### Data extract

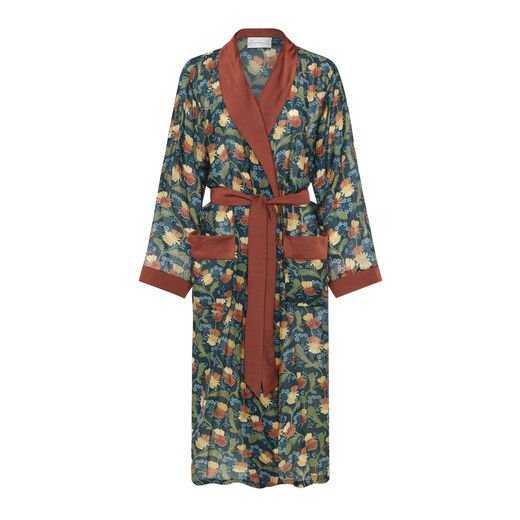 A lightweight teal-green dressing gown with terracotta coloured trim and a yellow and orange floral pattern
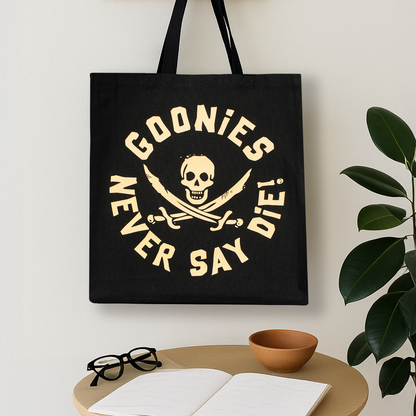 Goonies Pirate Skull Tote Bag • Black Cotton • 14 x 15 x 3.5 in • Gold/Silver Matte Vinyl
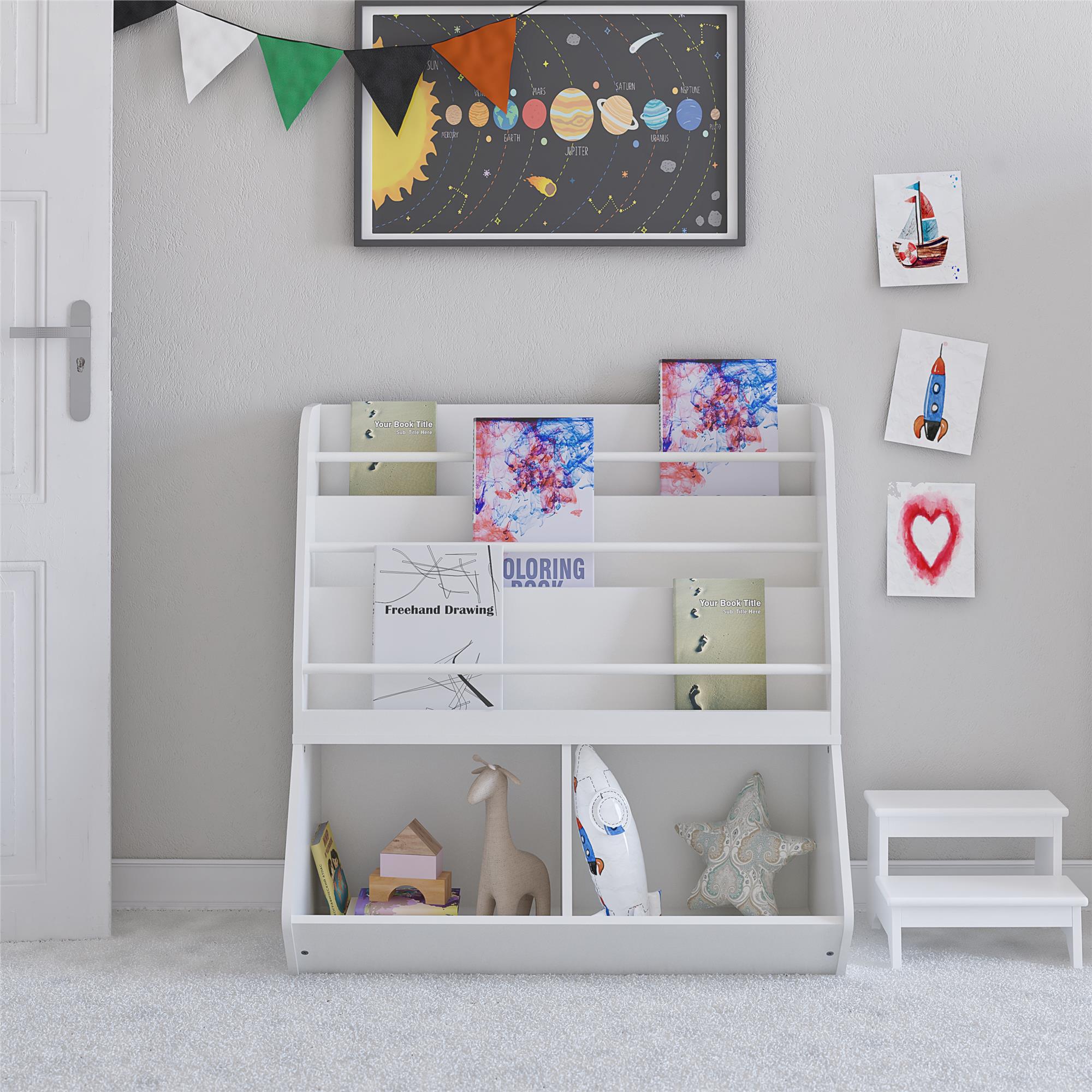 Jocelyn Kids Book and Toy Storage with 3 Shelves and 2 Open Compartments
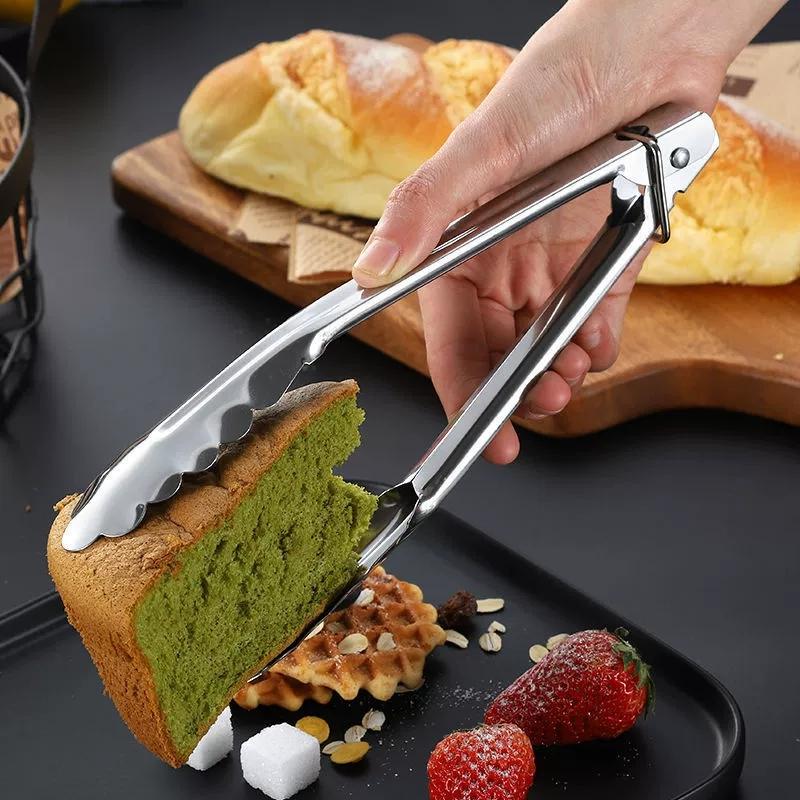 23cm Nerezové Potravinové Kleště Uzamykatelná Spona Protiskluzová Rukojeť pro BBQ Grilování Pečení Kuchyňské Servírování Salát Těstoviny (Naloženo pružinou)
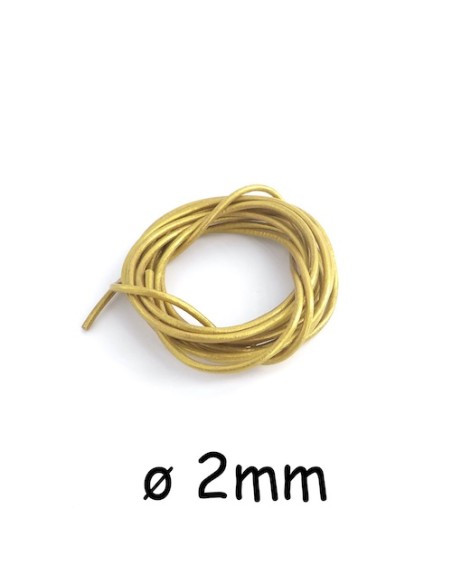 Cordon cuir 2mml couleur or Cordon cuir 2mml couleur or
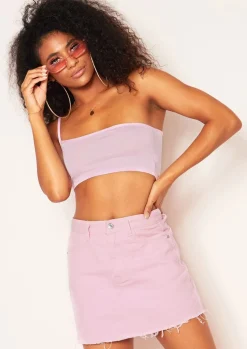 Tops*Missy Empire Andi One Shoulder Jersey Crop Top Pink
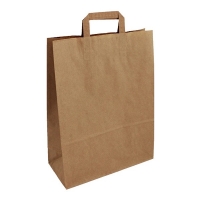 Papírová taška s plochým uchem - 32x12x41 cm, standardní dno, hnědá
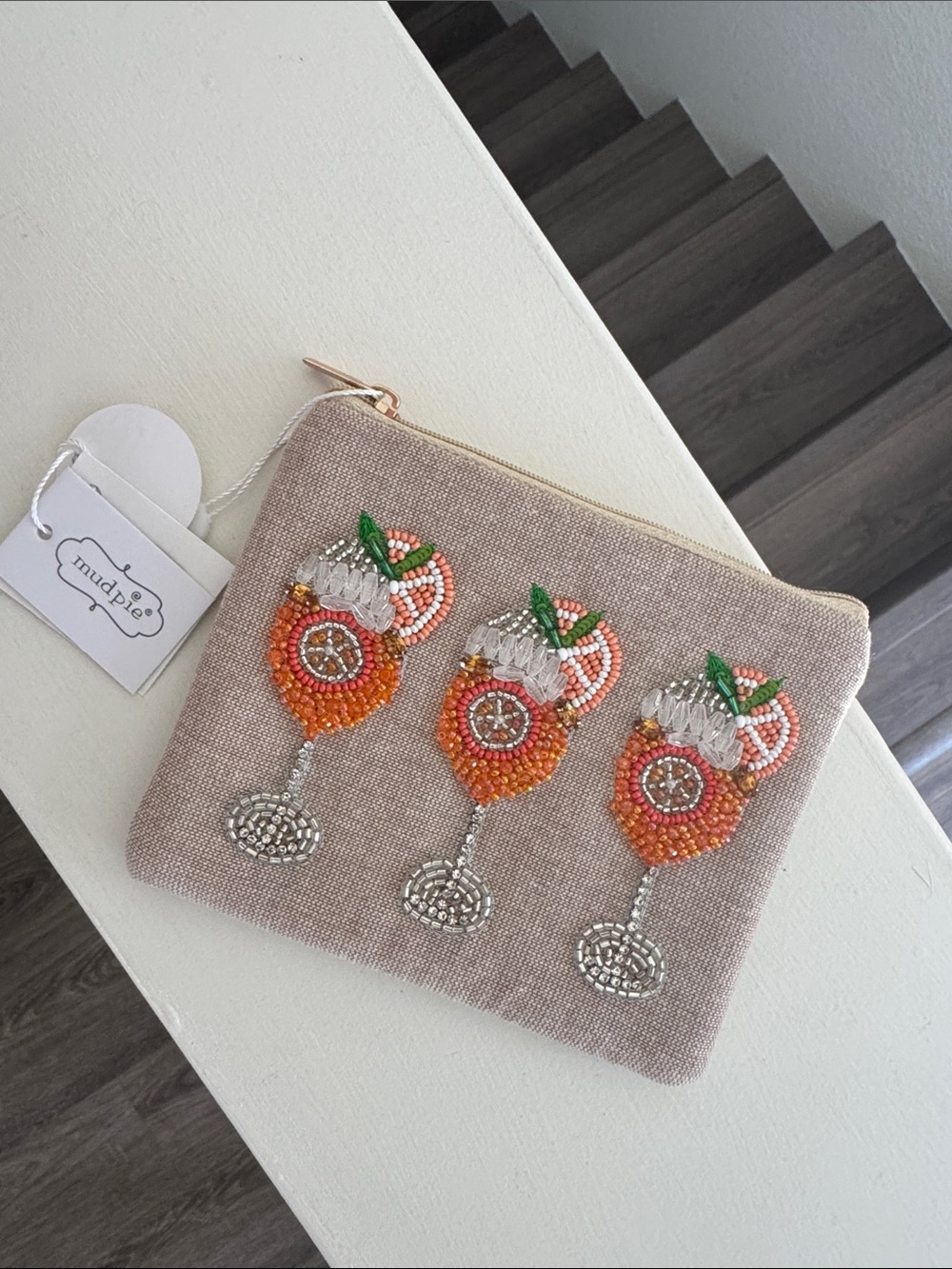Mud Pie Beige Beaded Cocktail Pouch with Orange and Green Accents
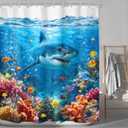 LGhtyro Shark Fish Kids Shower Curtain Bathroom Set 60Wx71H Inches Ocean Under Sea Life Themed Underwater Coral Marine Bath Accessories Animal Fun Toddler Cool Art Home Decor Fabric 12 Pack Hooks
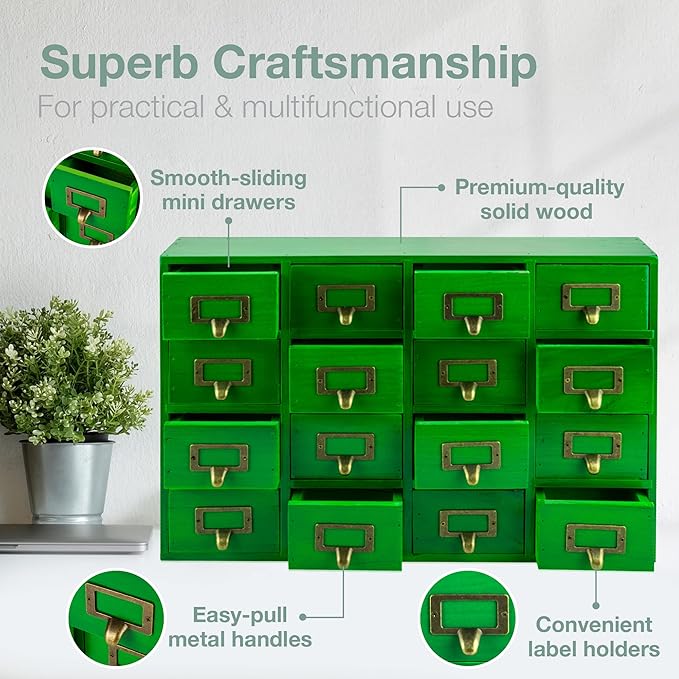 Emerald Green Wood 16-Drawer Apothecary Small Cabinet - 20"x3.6”x14” Card Catalog Style Table Top Organizer - Wooden Storage Box w/16 Drawers - 4-Level Countertop Organizer w/Label Holders & Handles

######

• _Problem details_
Repeat each record as given. No picture belongs in the copy.

• _Answer section_
 A lightweight teal-green dressing gown with terracotta coloured trim and a yellow and orange floral pattern
 Goonies Pirate Skull Tote Bag • Black Cotton • 14 x 15 x 3.5 in • Gold/Silver Matte Vinyl
 Jocelyn Kids Book and Toy Storage with 3 Shelves and 2 Open Compartments
 23cm Nerezové Potravinové Kleště Uzamykatelná Spona Protiskluzová Rukojeť pro BBQ Grilování Pečení Kuchyňské Servírování Salát Těstoviny (Naloženo pružinou)
 Cordon cuir 2mml couleur or Cordon cuir 2mml couleur or
 Tops*Missy Empire Andi One Shoulder Jersey Crop Top Pink
 Papírová taška s plochým uchem - 32x12x41 cm, standardní dno, hnědá
Mud Pie Beige Beaded Cocktail Pouch with Orange and Green Accents
 LGhtyro Shark Fish Kids Shower Curtain Bathroom Set 60Wx71H Inches Ocean Under Sea Life Themed Underwater Coral Marine Bath Accessories Animal Fun Toddler Cool Art Home Decor Fabric 12 Pack Hooks
 Emerald Green Wood 16-Drawer Apothecary Small Cabinet - 20"x3.6”x14” Card Catalog Style Table Top Organizer - Wooden Storage Box w/16 Drawers - 4-Level Countertop Organizer w/Label Holders & Handles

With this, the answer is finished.